The notes will pay interest semiannually at a rate of 0.75% per year and 1.00% per year, respectively, and will be subordinated to all existing and future senior indebtedness of RFMD and effectively subordinated to all existing and future indebtedness and other liabilities of RFMD's subsidiaries. The notes will be convertible, subject to certain conditions. Upon conversion of a note, a holder will receive cash in an amount equal to the lesser of $1,000 and the applicable conversion value and, if the applicable conversion value is greater than $1,000, payment of the excess value, at RFMD's option, in the form of cash, shares of RFMD's common stock or a combination of cash and common stock.

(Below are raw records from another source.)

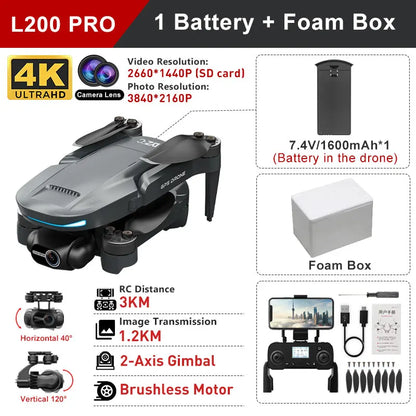 L200 PRO MAX Drone - 4K HD Camera 2-Axis Gimbal 360° Obstacle Avoidance GPS Drone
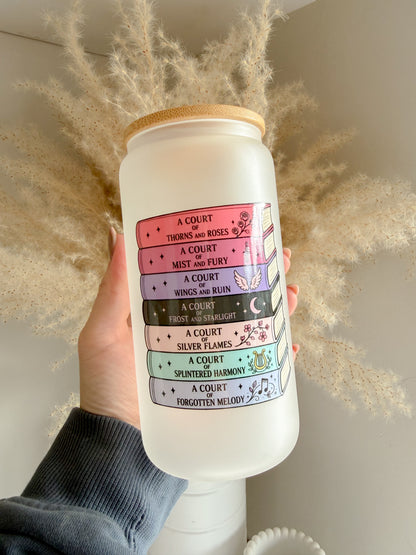 ACOTAR Inspired Book Stack 16oz Glass Can with Bamboo lid and straw 📚 Bookish Gift Ideas - ACOTAR Merch - Fantasy Book Lover Gift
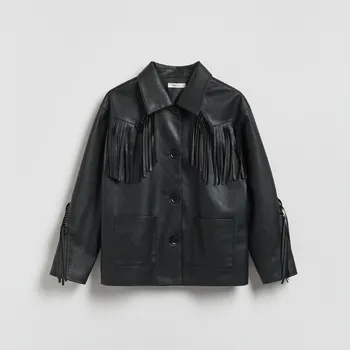 Dámské sako Reserved - Bunda s třásněmi - černý - 868GA-99X - 868GA-99X-L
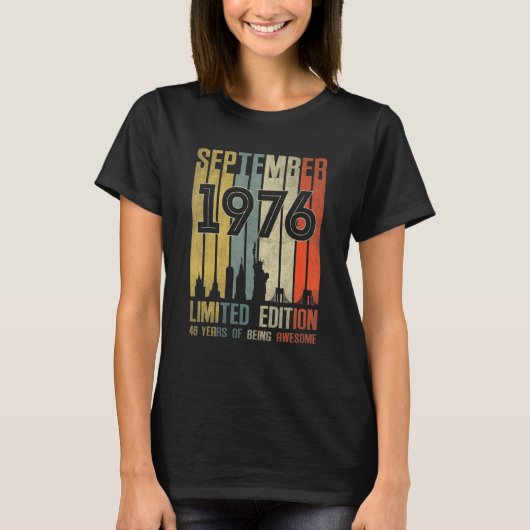 1976素晴らし年9月以来ヴィンテージ46誕生日 Tシャツ (正面)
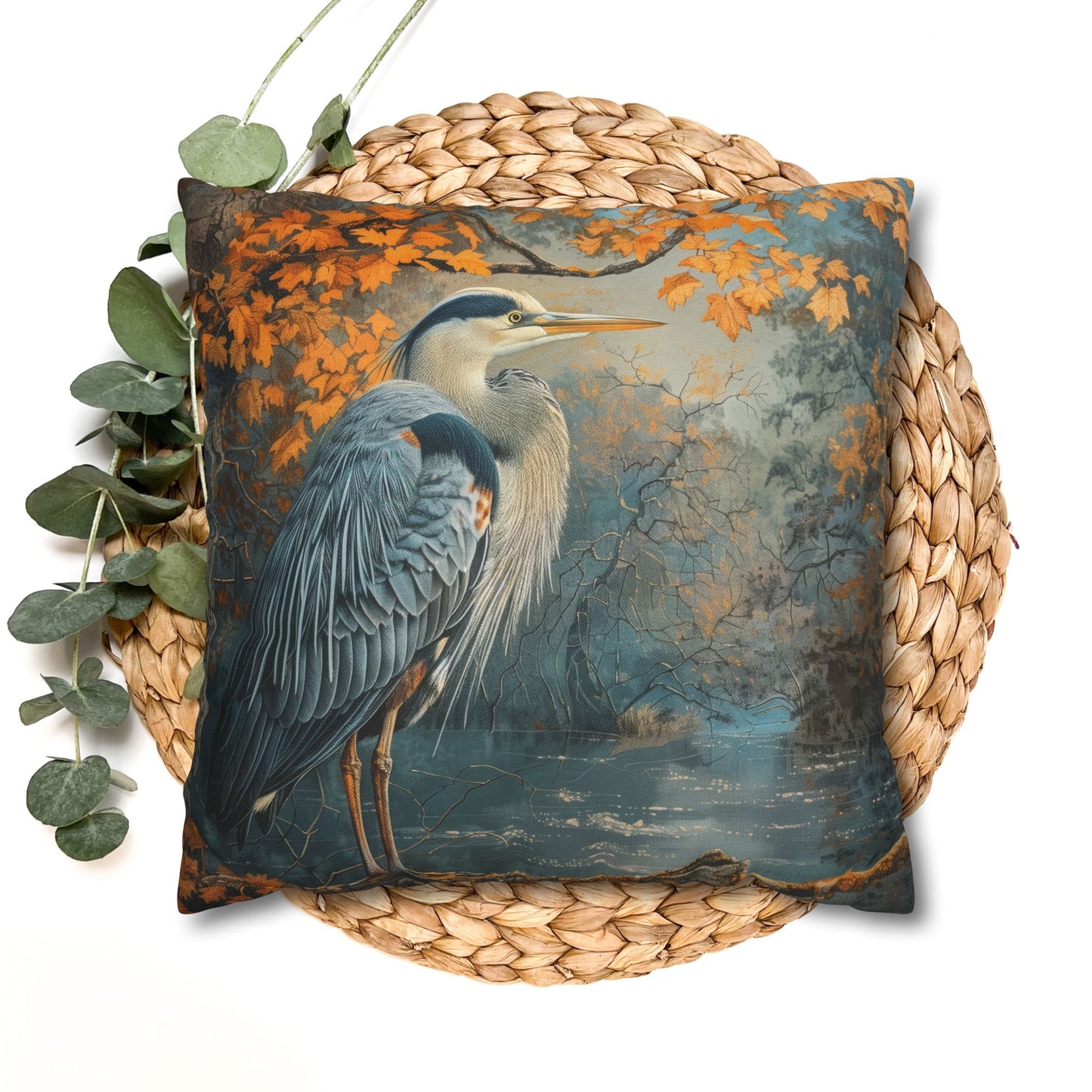 Autumn Heron Throw Pillowcase: Rustic Lake Scene Wildlife Decor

The initial conversion rate of both the 0.75% Convertible Subordinated Notes due 2012 and the 1.00% Convertible Subordinated Notes due 2014 is 124.2969 shares of common stock per $1,000 principal amount of the notes (which is equivalent to an initial conversion price of approximately $8.05 per share), subject to adjustment upon the occurrence of certain events. This represents a conversion premium of approximately 27.5% relative to the last quoted sale price of RFMD's common stock on the Nasdaq Global Select Market on March 29, 2007.
RFMD intends to use the net proceeds from the offering for general corporate purposes, including working capital, potential acquisitions and future stock repurchases.
This press release does not constitute an offer to sell or the solicitation of an offer to buy any of these securities and shall not constitute an offer, solicitation or sale in any jurisdiction in which such offer, solicitation or sale is unlawful.
The notes and the shares of common stock issuable upon conversion of the notes have not been registered under the Securities Act or any state securities laws and, unless so registered, may not be offered or sold in the United States except pursuant to an exemption from the registration requirements of the Securities Act and applicable state securities laws.
This press release contains forward-looking statements within the meaning of Section 27A of the Securities Act of 1933 and Section 21E of the Securities Exchange Act of 1934. These statements relate to the likelihood, and timing, of completion of the offering and the use of proceeds described above. These forward-looking statements involve risks and uncertainties that could cause actual results to differ materially from those projected, including, without limitation, market factors affecting the price of bonds and equity securities, the amount of cash generated from the business, prevailing interest rates and the existence of alternative uses for the Company's cash.